My college roommate, Kurt Shaw, has spent the last few years of his life working with street kids in Latin America. He’s the director of the Shine a Light Foundation, an organization that helps coordinate the work of grassroots organizations in Central and South America that work with street kids. Shine a Light documents the techniques organizations are using, translates them into English, Spanish and Portuguese, and has been producing a set of training DVDs to help new grassroots organizations learn from established ones.
For the past few months, Kurt’s been living in Recife, Brazil and spending a lot of time with an amazing organization – Pé no Chão – “Feet in the Dirt”. Pé no Chão’s model focuses on helping kids express themselves, through breakdancing, capoiera, grafitti, beats and MC’ing. The kids in question live, play and sleep on the streets – Pé no Chão is able to help some of these kids navigate a world that features drug addiction, gang violence and AIDS, issues these kids cope with at a time of their lives when other children are in elementary school.
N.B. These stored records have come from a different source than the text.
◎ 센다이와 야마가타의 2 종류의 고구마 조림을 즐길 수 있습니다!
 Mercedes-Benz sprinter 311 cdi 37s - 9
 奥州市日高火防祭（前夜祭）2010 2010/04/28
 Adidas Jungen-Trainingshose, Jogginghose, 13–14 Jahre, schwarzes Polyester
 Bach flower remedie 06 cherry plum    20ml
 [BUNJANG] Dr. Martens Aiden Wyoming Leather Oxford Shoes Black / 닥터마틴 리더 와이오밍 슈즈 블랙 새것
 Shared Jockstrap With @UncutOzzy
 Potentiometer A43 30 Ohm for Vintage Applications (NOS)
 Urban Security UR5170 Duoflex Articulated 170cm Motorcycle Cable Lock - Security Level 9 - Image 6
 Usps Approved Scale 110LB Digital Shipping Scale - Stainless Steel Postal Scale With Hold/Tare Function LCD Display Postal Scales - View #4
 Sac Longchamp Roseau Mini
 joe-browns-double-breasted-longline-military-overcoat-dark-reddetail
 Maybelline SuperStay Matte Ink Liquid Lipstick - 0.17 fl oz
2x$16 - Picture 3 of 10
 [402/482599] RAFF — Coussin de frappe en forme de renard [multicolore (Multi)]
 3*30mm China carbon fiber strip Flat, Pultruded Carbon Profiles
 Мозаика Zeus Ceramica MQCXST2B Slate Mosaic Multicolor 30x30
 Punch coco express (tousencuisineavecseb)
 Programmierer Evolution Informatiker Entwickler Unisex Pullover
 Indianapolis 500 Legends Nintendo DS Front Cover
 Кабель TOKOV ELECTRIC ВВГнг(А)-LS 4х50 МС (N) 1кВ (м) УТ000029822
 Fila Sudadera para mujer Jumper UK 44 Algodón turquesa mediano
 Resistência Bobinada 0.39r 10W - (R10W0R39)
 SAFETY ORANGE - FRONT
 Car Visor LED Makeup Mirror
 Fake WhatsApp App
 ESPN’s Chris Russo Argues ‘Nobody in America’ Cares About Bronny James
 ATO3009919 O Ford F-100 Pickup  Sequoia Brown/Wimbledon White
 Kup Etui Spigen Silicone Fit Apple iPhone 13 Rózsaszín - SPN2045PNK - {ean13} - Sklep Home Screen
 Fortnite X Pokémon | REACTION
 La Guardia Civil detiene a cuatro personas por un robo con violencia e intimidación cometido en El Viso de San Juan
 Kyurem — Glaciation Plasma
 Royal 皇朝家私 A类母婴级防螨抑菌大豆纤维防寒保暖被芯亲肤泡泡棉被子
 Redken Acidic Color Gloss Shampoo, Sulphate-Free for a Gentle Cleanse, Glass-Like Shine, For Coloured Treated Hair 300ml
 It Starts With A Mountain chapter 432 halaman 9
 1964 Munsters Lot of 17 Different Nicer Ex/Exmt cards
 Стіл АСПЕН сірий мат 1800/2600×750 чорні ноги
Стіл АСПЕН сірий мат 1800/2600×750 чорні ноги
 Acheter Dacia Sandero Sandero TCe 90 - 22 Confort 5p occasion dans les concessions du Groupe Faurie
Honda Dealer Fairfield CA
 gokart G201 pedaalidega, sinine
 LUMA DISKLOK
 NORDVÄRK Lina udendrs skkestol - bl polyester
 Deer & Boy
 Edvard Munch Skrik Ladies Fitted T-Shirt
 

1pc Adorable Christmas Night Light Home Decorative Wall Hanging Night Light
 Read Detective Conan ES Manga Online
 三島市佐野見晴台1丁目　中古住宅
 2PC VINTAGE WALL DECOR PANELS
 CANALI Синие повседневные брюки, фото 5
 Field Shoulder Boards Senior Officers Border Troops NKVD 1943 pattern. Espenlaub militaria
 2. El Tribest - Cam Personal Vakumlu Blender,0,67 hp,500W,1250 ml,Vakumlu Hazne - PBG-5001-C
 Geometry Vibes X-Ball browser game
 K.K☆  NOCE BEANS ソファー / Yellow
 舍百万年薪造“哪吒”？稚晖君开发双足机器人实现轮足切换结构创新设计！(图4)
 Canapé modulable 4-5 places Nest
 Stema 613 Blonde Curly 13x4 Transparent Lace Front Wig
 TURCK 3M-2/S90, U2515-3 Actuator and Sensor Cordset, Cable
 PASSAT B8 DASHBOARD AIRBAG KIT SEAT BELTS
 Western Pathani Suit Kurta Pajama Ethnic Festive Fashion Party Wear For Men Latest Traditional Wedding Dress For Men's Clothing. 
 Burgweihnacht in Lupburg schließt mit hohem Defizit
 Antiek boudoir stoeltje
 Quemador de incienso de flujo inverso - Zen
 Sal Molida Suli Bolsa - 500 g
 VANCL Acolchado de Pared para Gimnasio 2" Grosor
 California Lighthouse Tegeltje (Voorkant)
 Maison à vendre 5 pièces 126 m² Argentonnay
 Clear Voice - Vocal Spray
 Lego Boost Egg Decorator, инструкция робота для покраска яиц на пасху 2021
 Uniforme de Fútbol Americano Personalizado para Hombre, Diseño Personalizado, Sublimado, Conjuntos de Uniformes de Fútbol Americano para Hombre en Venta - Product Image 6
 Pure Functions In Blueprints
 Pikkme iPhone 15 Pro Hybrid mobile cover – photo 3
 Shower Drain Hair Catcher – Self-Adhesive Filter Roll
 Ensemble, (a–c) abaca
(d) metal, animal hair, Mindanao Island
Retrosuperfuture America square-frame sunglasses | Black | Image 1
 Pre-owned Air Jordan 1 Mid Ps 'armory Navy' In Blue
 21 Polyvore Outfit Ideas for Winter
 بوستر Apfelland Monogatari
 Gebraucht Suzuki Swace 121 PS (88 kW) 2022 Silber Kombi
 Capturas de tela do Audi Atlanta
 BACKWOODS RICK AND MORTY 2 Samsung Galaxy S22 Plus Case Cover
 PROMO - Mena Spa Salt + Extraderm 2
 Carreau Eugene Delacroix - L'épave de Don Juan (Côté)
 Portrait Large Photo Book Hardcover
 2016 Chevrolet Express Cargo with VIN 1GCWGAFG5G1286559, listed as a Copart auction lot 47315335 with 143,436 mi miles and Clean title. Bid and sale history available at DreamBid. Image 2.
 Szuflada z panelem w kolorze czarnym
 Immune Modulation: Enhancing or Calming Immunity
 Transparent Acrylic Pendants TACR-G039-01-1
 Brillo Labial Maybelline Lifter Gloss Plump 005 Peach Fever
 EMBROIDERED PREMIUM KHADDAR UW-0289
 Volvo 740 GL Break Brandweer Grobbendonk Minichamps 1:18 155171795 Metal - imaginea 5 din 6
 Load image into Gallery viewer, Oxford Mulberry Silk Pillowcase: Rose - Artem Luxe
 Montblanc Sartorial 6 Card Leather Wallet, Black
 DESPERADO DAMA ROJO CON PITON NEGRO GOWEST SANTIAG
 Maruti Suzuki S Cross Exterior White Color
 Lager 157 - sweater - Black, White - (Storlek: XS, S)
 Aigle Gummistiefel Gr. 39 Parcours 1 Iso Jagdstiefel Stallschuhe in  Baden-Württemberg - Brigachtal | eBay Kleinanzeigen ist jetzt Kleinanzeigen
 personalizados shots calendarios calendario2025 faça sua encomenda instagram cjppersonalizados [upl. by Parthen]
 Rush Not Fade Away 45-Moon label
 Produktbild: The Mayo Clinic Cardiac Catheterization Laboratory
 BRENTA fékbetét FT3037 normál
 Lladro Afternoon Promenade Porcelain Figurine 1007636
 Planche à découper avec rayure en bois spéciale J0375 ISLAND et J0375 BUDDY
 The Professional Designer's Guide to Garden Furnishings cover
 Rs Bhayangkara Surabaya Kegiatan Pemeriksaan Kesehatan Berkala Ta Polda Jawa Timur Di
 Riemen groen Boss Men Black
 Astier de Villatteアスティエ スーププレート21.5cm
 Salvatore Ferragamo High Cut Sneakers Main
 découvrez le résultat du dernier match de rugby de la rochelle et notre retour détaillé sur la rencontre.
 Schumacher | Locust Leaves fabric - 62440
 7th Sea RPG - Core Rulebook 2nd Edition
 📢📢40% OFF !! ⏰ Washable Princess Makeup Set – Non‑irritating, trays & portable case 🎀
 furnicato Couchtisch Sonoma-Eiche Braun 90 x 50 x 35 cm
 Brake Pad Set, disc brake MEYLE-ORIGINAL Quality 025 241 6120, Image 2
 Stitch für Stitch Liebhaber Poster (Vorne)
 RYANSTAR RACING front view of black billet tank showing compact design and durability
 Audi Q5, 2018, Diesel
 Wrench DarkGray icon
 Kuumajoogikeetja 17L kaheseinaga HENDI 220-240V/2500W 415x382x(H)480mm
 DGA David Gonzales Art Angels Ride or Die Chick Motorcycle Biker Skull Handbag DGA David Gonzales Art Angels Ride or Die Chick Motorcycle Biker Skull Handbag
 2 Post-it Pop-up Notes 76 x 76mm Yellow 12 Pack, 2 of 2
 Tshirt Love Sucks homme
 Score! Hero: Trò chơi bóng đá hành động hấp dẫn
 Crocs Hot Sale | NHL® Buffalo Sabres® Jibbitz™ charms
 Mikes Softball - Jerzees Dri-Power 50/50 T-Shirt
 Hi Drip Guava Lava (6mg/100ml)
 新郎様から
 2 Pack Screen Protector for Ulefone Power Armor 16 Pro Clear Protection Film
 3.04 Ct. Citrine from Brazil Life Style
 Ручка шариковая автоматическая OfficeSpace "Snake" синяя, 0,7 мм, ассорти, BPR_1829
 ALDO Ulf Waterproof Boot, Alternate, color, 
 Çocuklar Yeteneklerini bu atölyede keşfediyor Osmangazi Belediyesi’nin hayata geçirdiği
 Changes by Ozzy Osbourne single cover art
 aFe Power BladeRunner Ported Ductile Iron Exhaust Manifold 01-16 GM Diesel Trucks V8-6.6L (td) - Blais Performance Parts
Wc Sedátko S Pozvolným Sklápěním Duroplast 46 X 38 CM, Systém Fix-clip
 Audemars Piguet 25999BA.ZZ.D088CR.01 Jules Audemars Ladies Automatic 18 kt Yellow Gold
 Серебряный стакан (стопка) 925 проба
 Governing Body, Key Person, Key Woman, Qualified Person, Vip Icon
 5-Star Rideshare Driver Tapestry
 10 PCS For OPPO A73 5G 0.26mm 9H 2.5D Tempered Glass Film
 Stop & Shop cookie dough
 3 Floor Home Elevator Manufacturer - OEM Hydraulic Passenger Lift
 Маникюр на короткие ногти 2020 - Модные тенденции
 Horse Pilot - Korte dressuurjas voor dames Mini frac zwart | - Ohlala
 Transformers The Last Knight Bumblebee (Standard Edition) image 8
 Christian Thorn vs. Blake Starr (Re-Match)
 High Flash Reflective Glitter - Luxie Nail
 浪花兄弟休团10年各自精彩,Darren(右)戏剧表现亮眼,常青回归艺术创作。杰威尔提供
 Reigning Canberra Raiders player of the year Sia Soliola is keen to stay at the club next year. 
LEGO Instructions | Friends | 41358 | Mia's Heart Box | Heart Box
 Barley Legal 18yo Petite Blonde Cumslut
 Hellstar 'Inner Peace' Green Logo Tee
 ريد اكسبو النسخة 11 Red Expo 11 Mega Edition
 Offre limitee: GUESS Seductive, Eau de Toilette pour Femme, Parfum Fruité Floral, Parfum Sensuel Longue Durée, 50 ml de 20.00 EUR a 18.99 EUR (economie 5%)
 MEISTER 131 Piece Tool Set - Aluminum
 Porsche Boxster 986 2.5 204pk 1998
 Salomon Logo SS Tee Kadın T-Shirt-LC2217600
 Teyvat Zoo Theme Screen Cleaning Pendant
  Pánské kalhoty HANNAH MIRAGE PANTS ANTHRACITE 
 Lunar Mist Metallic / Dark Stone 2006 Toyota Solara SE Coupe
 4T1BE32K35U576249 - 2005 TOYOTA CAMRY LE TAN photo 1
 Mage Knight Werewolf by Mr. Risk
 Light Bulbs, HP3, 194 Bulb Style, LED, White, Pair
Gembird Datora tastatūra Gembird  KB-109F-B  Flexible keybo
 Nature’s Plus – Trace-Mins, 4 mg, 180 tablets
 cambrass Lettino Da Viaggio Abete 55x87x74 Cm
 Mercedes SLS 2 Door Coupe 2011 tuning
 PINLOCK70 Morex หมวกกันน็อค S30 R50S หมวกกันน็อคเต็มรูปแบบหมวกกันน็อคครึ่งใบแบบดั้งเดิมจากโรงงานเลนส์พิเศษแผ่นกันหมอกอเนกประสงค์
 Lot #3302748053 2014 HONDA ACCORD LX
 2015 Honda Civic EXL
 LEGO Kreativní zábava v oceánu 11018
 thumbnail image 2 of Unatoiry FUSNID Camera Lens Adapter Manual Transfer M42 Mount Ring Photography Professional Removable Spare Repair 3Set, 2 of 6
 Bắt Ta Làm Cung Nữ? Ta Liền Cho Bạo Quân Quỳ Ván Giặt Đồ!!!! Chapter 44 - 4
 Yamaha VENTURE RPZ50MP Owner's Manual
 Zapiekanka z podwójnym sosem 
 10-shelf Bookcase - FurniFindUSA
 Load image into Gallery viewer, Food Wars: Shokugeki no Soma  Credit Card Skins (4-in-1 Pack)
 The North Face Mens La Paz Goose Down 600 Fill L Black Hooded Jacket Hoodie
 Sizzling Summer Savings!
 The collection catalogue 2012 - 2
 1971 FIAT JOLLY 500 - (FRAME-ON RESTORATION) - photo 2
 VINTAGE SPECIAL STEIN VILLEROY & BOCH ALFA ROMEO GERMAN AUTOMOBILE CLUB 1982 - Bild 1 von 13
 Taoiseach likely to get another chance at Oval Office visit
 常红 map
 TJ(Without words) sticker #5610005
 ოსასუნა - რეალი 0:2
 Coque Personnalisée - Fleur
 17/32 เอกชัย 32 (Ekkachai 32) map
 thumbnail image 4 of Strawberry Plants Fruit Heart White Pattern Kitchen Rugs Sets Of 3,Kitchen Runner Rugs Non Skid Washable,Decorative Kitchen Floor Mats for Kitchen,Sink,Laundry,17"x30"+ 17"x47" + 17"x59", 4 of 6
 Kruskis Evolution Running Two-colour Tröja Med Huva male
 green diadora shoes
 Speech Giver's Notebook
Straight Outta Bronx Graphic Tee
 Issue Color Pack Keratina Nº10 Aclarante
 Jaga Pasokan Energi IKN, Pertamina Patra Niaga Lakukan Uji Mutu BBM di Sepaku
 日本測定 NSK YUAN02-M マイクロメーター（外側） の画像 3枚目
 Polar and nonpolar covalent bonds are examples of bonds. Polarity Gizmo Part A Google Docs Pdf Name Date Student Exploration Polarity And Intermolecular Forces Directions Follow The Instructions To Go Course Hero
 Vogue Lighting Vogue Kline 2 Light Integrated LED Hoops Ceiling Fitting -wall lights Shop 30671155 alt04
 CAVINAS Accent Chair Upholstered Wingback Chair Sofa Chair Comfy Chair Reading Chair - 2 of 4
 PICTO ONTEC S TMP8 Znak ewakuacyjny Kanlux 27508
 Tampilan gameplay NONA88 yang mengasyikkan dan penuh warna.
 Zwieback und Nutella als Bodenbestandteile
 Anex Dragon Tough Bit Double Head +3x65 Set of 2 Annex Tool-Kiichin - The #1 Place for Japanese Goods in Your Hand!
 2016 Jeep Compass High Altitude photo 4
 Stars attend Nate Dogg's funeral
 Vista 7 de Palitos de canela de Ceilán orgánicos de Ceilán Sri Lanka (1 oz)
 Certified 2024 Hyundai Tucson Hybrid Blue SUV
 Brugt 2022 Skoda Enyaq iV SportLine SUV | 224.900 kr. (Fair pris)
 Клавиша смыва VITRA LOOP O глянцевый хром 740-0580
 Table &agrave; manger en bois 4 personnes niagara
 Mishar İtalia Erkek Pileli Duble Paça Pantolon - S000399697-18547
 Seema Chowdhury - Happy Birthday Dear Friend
Working with Shine A Light, Pé no Chão took on an amazing project – helping street kids in Recife record a CD with the assistance of local composer and activist, DJ Big. The CD, “Ciudad de Rima” (City of Rhyme), will be released soon, but all the tracks are available for download – or for remix! – under a Creative Commons Attribution license from the Shine A Light website.
The chance to perform for an audience of 3,000 was an amazing opportunity for the kids… and for the community to see what these kids were capable of. But the music’s got legs beyond a public performance. As Kurt notes:
The applause was great, the mothers cried, DJ Big finally relaxed… but the most amazing thing is this: a couple of days later, I went to the Brasilian Social Forum, where a couple of the same kids were going to give a breakdancing workshop to the left wing activists who attend such events. As everything was warming up, DJ Big put Ocado’s “Living in the Favela Ain’t Easy” on the sound system. People tapped their feet, passers-by stopped… but most amazing of all, some black kids whom I had never seen before stood in the back of the crowd, singing every word. Not just the chorus: every word. Within three days of the concert, a fourteen year old kid’s lyrics had become something that people memorize, use to understand their own lives.
Chuck D. famously claimed that rap music was “the black CNN”, the way the African American community pointed to the issues they cared about. As hip hop culture goes global, rap is becoming the voice of a generation around the world, from Brazil to Palestine. Listening to these kids rhyme, I find myself wondering how we can reconfigure Global Voices so we’re pointing to the whole world of citizen’s media, not just bloggers and journalists, but rappers as well.
Please check these tracks out. Download them, pass them around, remix them, play them – these are kids who deserve to be heard.